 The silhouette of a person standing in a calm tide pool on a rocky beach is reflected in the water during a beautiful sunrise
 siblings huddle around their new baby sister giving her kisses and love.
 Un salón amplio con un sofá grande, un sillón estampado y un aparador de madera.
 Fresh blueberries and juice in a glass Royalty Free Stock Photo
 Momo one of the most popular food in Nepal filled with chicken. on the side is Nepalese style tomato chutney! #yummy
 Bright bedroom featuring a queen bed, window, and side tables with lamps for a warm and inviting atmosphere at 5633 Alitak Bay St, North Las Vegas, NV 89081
--
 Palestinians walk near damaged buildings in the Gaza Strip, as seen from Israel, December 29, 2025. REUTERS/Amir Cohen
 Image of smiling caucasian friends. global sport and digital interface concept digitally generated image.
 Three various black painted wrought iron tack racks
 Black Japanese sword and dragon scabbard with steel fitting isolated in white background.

■ **What is needed**
Send back exactly the lines of the listing above starting at the one with "The silhouette of" and ending at the one with "Bright bedroom featuring", inclusive, and no others.

■ **Answer for this exercise**
 The silhouette of a person standing in a calm tide pool on a rocky beach is reflected in the water during a beautiful sunrise
 siblings huddle around their new baby sister giving her kisses and love.
 Un salón amplio con un sofá grande, un sillón estampado y un aparador de madera.
 Fresh blueberries and juice in a glass Royalty Free Stock Photo
 Momo one of the most popular food in Nepal filled with chicken. on the side is Nepalese style tomato chutney! #yummy
 Bright bedroom featuring a queen bed, window, and side tables with lamps for a warm and inviting atmosphere at 5633 Alitak Bay St, North Las Vegas, NV 89081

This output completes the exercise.